# I How hot will a human body burn?

1. Jul 11, 2016

### Nanako

A curious question that's come to my mind, as i'm doing a little research for game development, aiming for realism here.

Assume you have a human corpse, not doused in any special kind of fuel, but wearing cotton/polyester clothing. And you set it alight, to slowly burn over time. I've heard of cases of this happening to humans, and a body can burn away to nothing if there's some fat there to fuel the flames.

But anyways, my question is, how hot would that fire be?
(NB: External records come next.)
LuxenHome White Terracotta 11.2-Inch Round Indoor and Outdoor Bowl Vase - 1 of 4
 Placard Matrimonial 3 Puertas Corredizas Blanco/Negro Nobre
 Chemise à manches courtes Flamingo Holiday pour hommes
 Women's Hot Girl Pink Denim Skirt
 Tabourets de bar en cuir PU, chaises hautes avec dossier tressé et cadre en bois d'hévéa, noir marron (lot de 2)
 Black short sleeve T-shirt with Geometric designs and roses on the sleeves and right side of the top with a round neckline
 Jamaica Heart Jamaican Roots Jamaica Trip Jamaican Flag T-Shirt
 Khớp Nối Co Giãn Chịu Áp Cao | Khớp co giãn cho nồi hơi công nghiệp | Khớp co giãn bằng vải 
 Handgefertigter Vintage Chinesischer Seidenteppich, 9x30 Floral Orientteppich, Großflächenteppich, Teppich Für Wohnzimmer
And by extension, what temperature would it raise the surroundings to over the time that it burns?

Exact values would be nice, but not necessary, some ballpark figures will do, maybe an analysis of how a human corpse burns

2. Jul 12, 2016

### ProfuselyQuarky

I can't answer the question in the way that you're hoping for (I'll leave that for someone else), but I do know that incinerators are preheated to around 1,100 °F and the bodies come out at a temperature of 1,400-1,800 °F during the cremation process.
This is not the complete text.